Early childhood is a time of exploration, and if your young child is especially curious, they may have already begun asking questions related to their adoption. Talking with adopted children about adoption and their birth parents can feel daunting, but it is an absolutely necessary part of creating a healthy adoptive family. To help you take this vital step, below is some advice on how to make this conversation easier for both you and your child.
Start Sooner Rather Than Later
The longer you wait to tell your child that they are adopted, the more likely they are to find it out from someone other than you, which can lead to feelings of confusion, betrayal, and anger. Therefore you should talk with your child about adoption as soon as they are old enough to comprehend what the word means. By making their adoption a “normal” part of their life, you will teach them that it is a good, healthy part of their identity and personal history.
Be Honest but Age-Appropriate
When it comes to discussing adoption with their young children, some adoptive parents don’t know what to say or feel compelled to withhold certain types of information. For example, an adoptive parent may be reluctant to discuss their child’s birth parents for fear of the hurt that might come with it. Although this fear is understandable, it should not prevent adoptive parents from telling their children about their birth parents. Adopted children are almost always curious about their birth parents, and if they are not given honest information on the subject, they may continue to prod and pry until they get the knowledge that they desire.
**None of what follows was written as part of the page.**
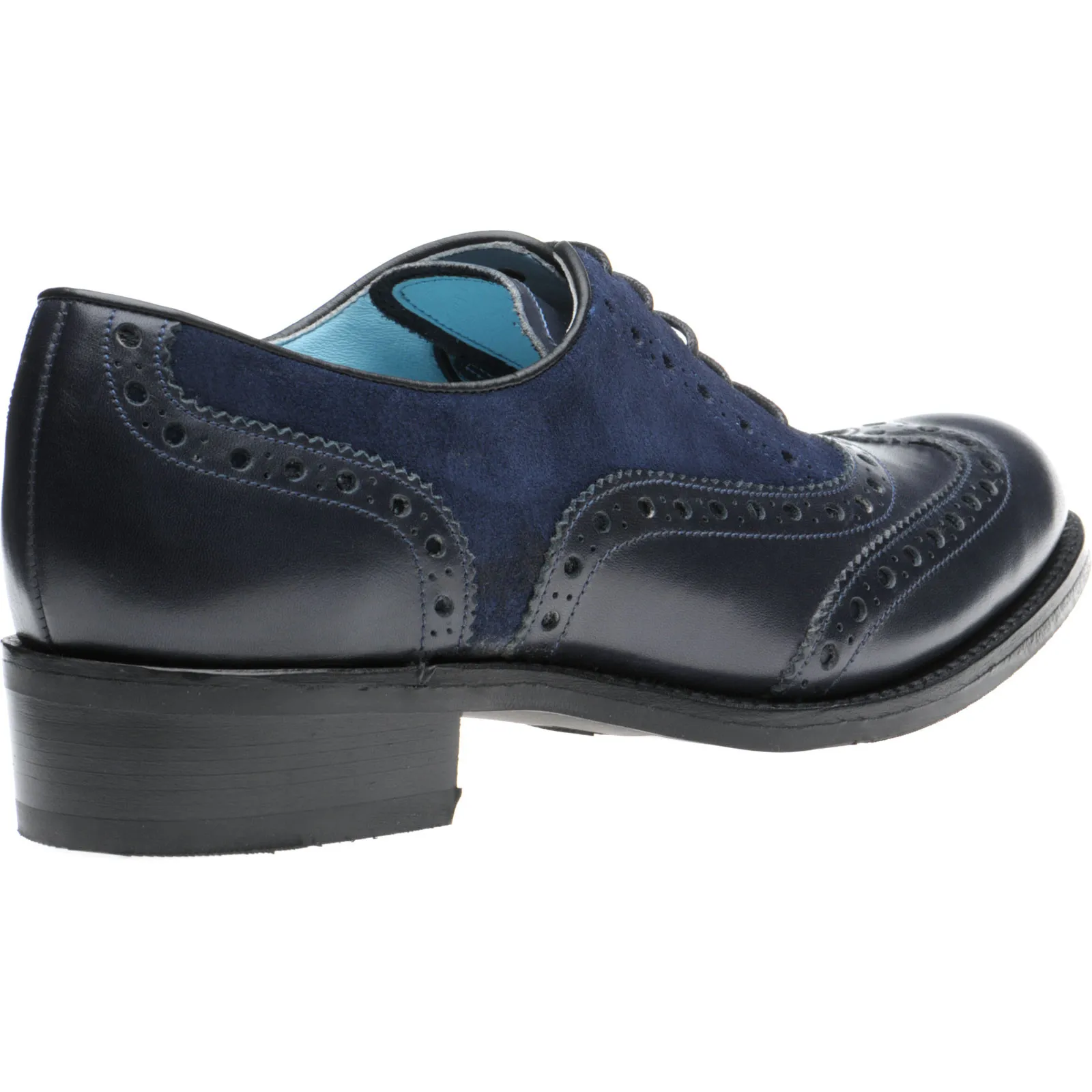 Claire ladies two-tone brogues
Therefore, when speaking with your child about their adoption and birth parents, you should be as upfront and honest as possible. Again, it’s best that they get this information from you instead of from someone else who might try using it to hurt them. However, this does not mean that you should disclose harmful or disturbing details to your child. If your child’s birth family had a troubling history, it’s completely acceptable to withhold some of that information until your child is older and better able to cope with it.
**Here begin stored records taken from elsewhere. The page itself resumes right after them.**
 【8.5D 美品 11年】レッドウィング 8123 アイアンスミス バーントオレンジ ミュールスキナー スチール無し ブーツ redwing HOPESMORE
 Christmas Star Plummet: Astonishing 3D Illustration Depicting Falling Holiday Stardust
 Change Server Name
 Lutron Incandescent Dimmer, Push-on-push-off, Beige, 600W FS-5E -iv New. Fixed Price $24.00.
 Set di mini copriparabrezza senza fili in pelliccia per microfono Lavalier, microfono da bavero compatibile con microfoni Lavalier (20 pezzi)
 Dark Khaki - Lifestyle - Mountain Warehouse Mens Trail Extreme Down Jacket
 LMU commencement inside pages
Show Compassion and Understanding
Depending on how the conversation with your child goes, you may experience a wide range of emotions, including frustration, hurt, and even anger. These feelings are completely natural, but it is incredibly important that you do not let them taint your child’s perspective on their adoption.
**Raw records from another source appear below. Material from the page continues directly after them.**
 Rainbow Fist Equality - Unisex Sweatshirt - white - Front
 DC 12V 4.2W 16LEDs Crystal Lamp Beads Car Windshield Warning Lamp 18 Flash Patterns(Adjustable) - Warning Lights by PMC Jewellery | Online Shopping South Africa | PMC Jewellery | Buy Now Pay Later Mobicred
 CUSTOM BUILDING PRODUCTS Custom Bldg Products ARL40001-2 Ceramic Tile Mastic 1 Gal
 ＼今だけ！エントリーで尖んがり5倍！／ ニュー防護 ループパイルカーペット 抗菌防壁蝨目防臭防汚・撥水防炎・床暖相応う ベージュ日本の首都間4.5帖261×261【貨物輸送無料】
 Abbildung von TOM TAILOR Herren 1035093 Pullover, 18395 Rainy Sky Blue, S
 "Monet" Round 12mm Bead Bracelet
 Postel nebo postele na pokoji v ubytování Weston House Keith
For example, if you display hurt in response to your child’s questions about their birth parents, the child may assume that there’s something wrong with them. While talking about adoption with your child, you should show compassion and understanding towards their thoughts, questions, and emotions. Reassure them that you are excited and grateful about how they came into your life, and demonstrate to them that they are a part of the family. Lastly, after the conversation is over, take some alone time to release and manage your own emotions before carrying on with your day.